By David Benda, Record Searchlight, June 2011

The message Mark Lascelles delivers hasn’t changed.

In the nine months as president of the Economic Development Corp. of Shasta County, Lascelles, a former estate broker, is talking up the importance of good-paying jobs.

“I’m not doing anything different than what was done before, but I’m carrying that message into the community,” said the 57-year-old Lascelles, who also emphasizes the work he says his predecessors did.

Lascelles replaced Greg O’Sullivan, who resigned in April 2010 after just over two years on the job.

Since Lascelles took over in September, he and the EDC have worked to keep at least two companies in Shasta County.

Eko Research, a firm that focuses on manufacturing sustainable construction materials, plans to expand into a 15,000- to 20,000-square-foot facility in Redding.
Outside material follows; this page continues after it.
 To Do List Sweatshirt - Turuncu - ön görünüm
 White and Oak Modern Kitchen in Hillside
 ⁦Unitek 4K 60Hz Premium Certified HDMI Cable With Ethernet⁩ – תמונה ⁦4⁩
TBM Sand and Storage Logistics LLC purchased the former Fintech plant in Redding in April for about $1 million. The company will manufacture storage bins used by natural gas and oil extractors.

There also have been disappointments.

Southern Aluminum Finishing, a company poised to build the first manufacturing plant in Stillwater Business Park, postponed its plans because the economy has diminished demand for its product.

Lascelles stresses patience, adding that California’s economic mess didn’t happen overnight.

The EDC is a nonprofit that receives money from private industry and government to operate.

In his short time as chief, Lascelles has not been bashful about making the rounds, talking to real estate groups, Rotaries and anybody else who will listen.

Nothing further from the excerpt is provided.